There are sections of the handbook devoted to desktop usage. FreeBSD isn't a desktop system, but it is widely used as a basis for one, and I'm a fan of both the design and the culture. Adding a graphical execution manager to the kernel is currently considered a high priority by the project, so I'd say they're at least minimally aware of and concerned about the desktop. Besides, I've been through-and-through discussions like this for years (haven't we all?), so I hope you can believe me when I say I've got a decent idea of what I'm doing and where I'm going with it, which is basically to improve the user experience for people who choose to use graphical environments with FreeBSD without making any really significant changes (perhaps even no changes!) to the base system, and without introducing anything graphical into the base system. I've finally convinced myself it's possible to do that in a meaningful way.

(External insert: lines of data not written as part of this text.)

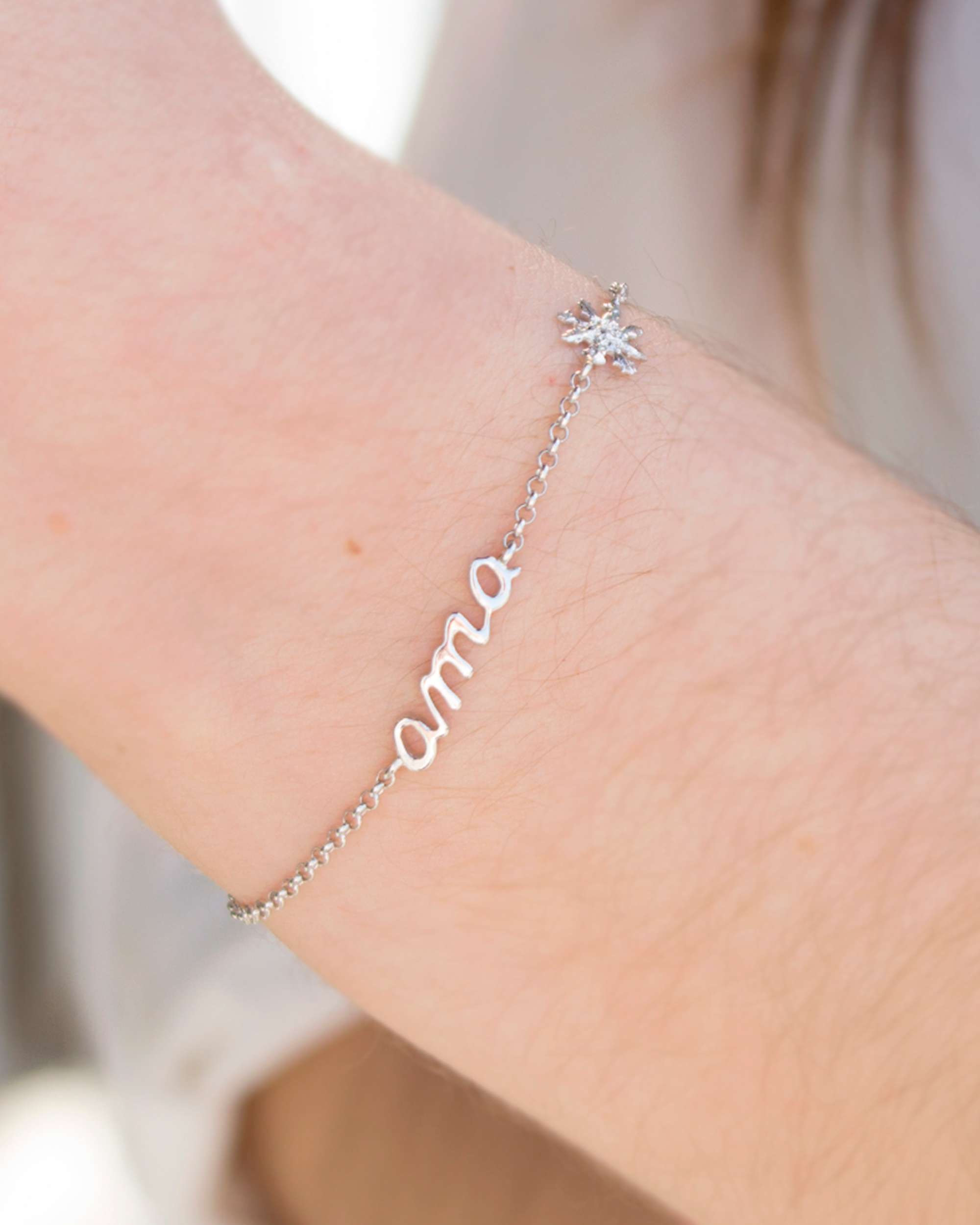 Pulsera de cadena ama de plata - Eguzkilore - Plateado Plateado-3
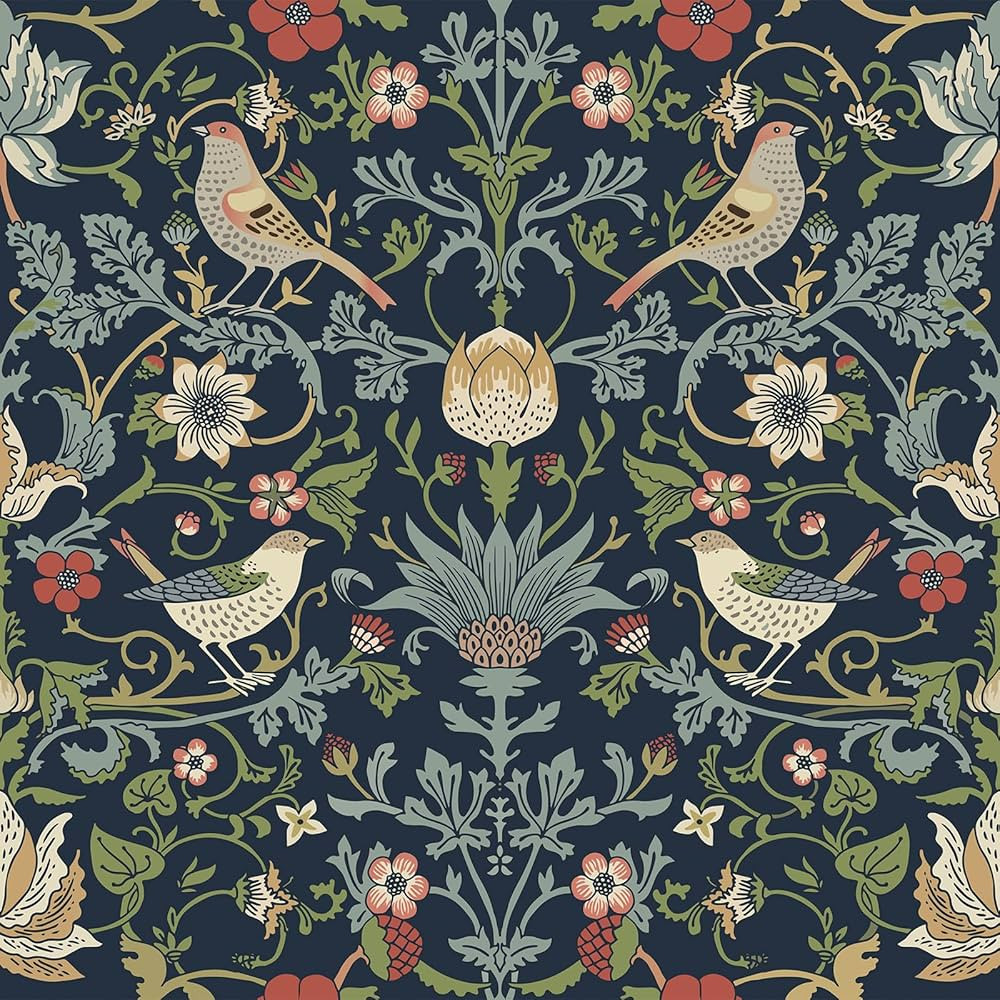 FunStick Navy Blue Floral Peel and Stick Vintage William Morris Wallpaper Green Leaf Bird Red Str... | Amazon (US)
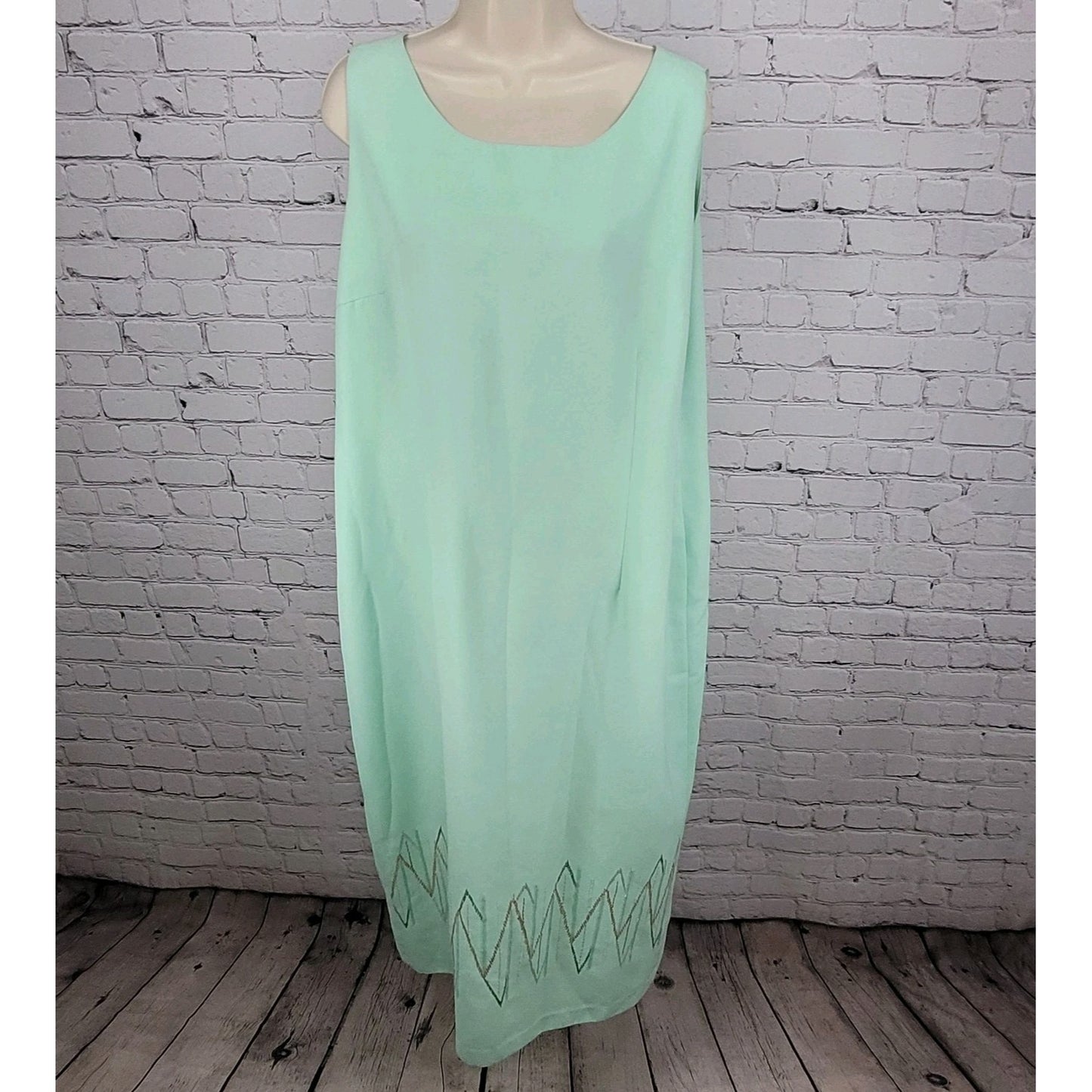 VTG Donna Vinci Green Beaded Embroidered Sleeveless Sheath Lined Long Dress 18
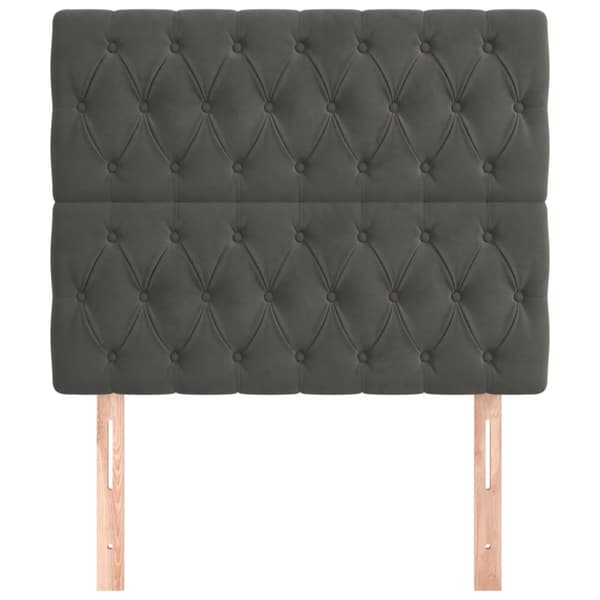 Sänggavel mörkgrå 90x7x118/128 cm sammet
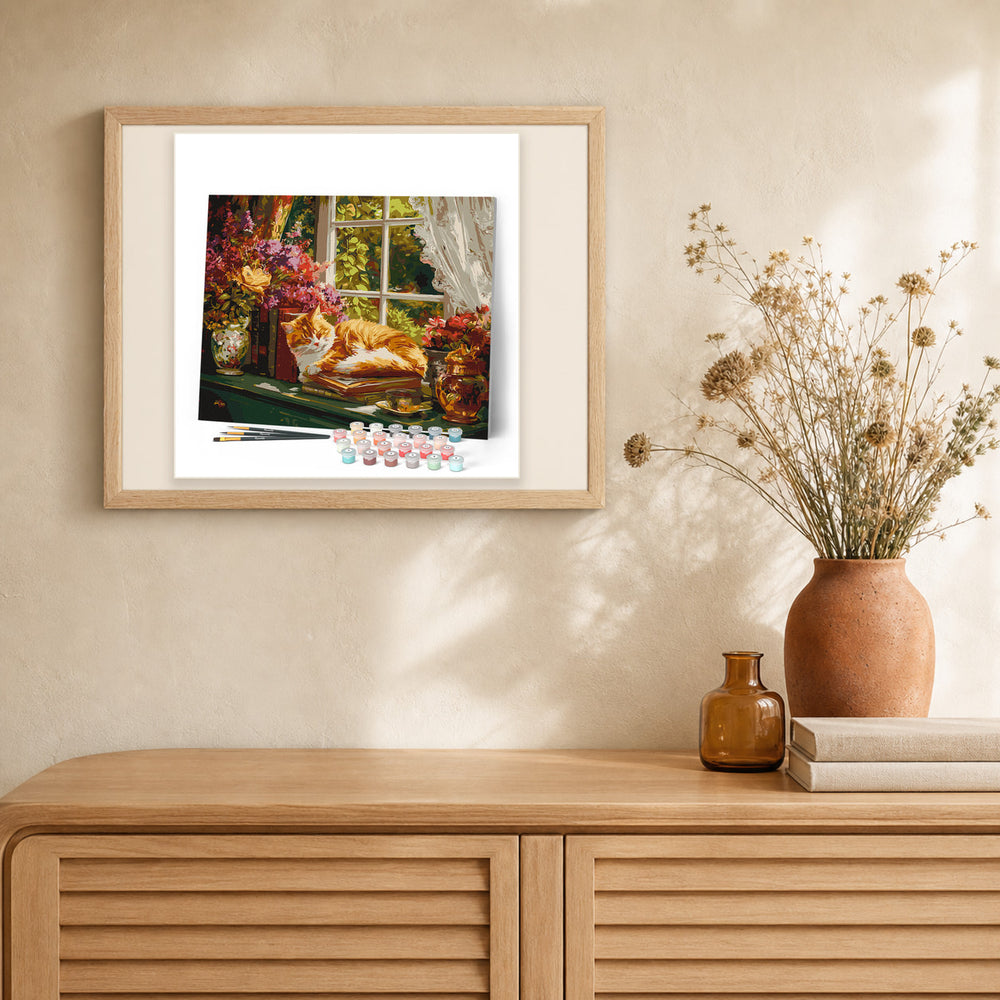 Cozy Window with Cat artwork displayed in a warm interior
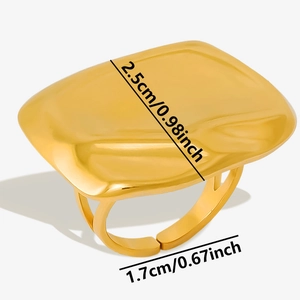 Detail showing irregular gold liquid metal texture and dimensions for open ring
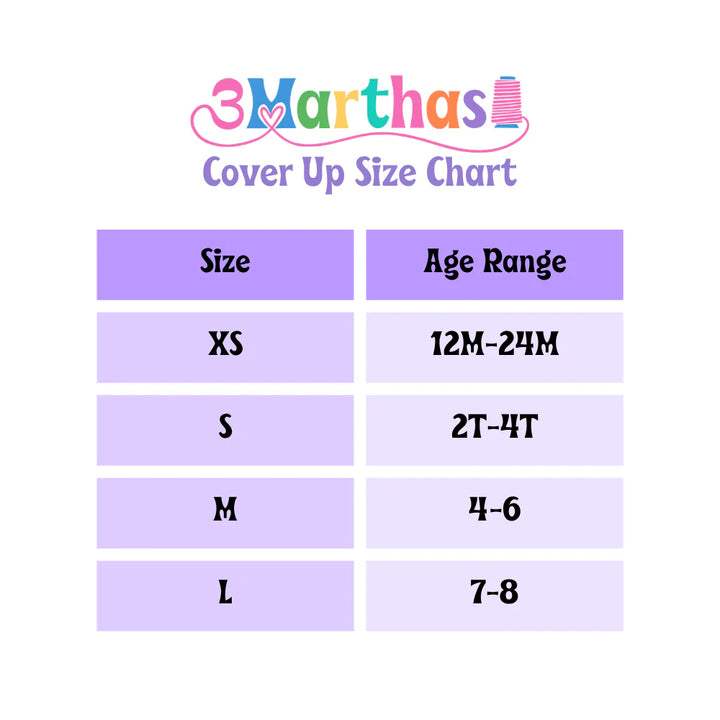 3 Marthas cover up size chart with size and age range information on a white background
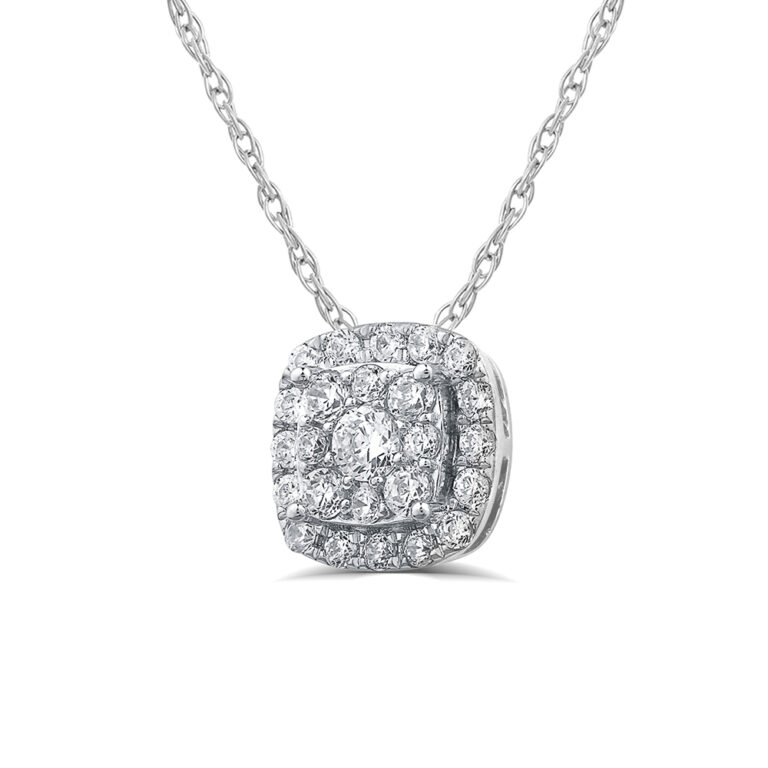 Exceptional Cushion Shaped Lab Grown Diamond Cluster Necklace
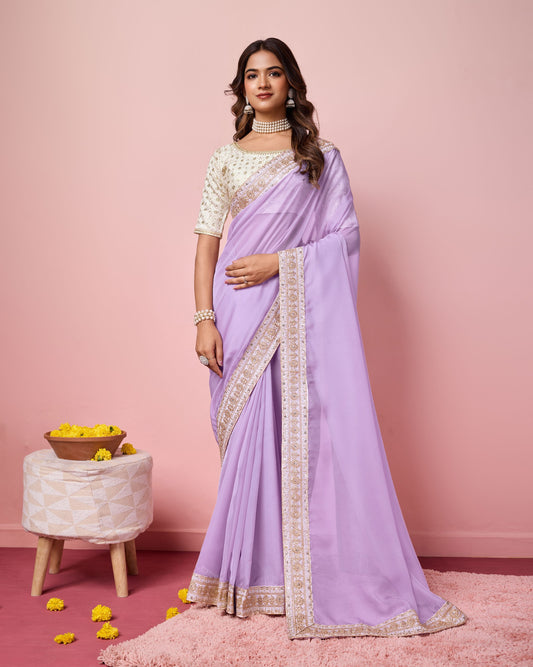 Lavender Designerr Taby Silk Organza Saree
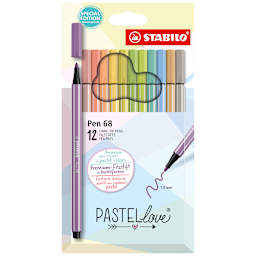 Stabilo Pen 68 Set - Set of 12, Pastel Colors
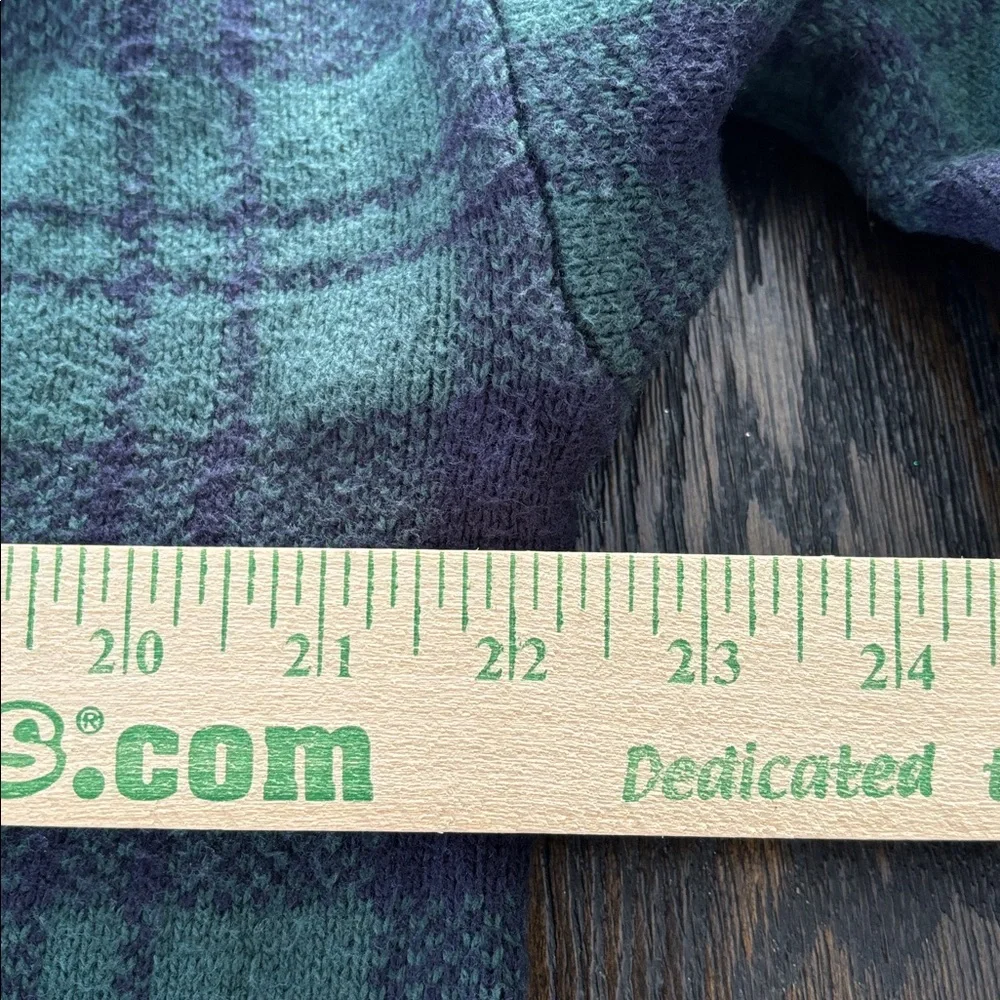 Talbots half zip plaid merino wool sweater - Picture 8 of 9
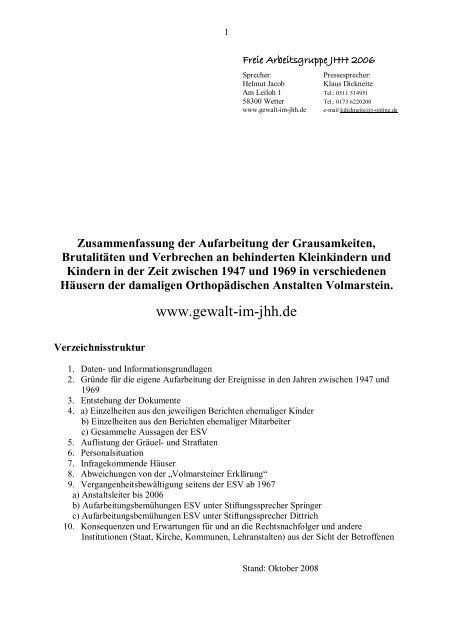 Aufarbeitung der Grausamkeiten, Brutalitäten und ... - Gewalt-im-JHH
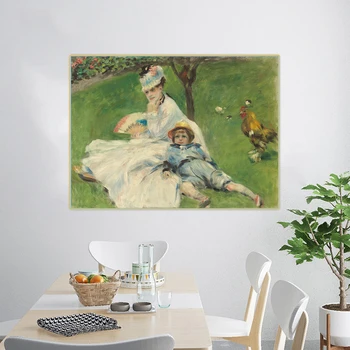 Citon Pierre Auguste Renoir《Madame Monet și Fiul Ei》Arta Panza Pictura in Ulei Imagine Poster de Perete Decor Acasă Decoratiuni Interioare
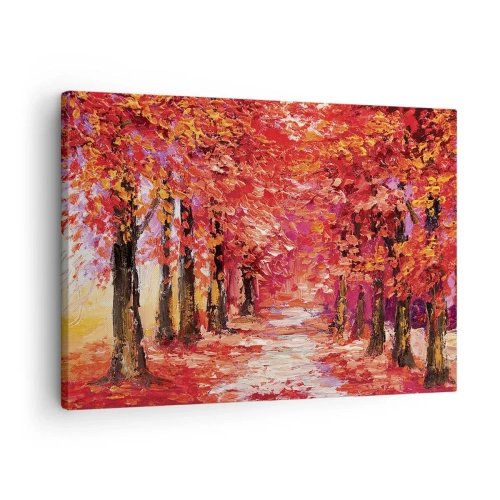 Lærredstryk - Billede på lærred - En malerisk gyde i efterårsfarver i impressionistisk stil - 70x50cm - Efterårets indtryk - Moderne vægdekoration til stue og soveværelse ARTTOR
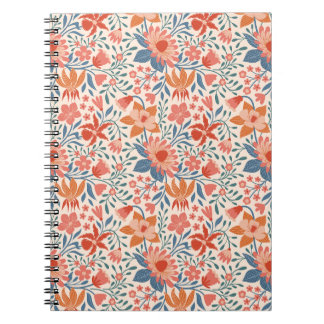 Carnet Jardin de corail et de sarcelle sur fond beige dou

The first link, should you read it, isn't just about graphical user environments: it's a change to the wifi authentication method that makes it significantly faster in a majority of cases, and has the potential to improve the end-user experience.

Let me put it this way: The ports tree works just fine. Does that mean portmaster was a waste of time?


----------



## wblock@ (Jul 13, 2011)

The DHCP speedup is interesting, and might be usefully discussed on the freebsd-net mailing list.

Dialogs are specific to applications or desktop environments, not FreeBSD.  For that matter, most users don't read more than the first few words of any dialog, if that. They'll hit Okay just as fast as they can, regardless of the warning.


----------



## DutchDaemon (Jul 13, 2011)

A graphical installer is still not a desktop


----------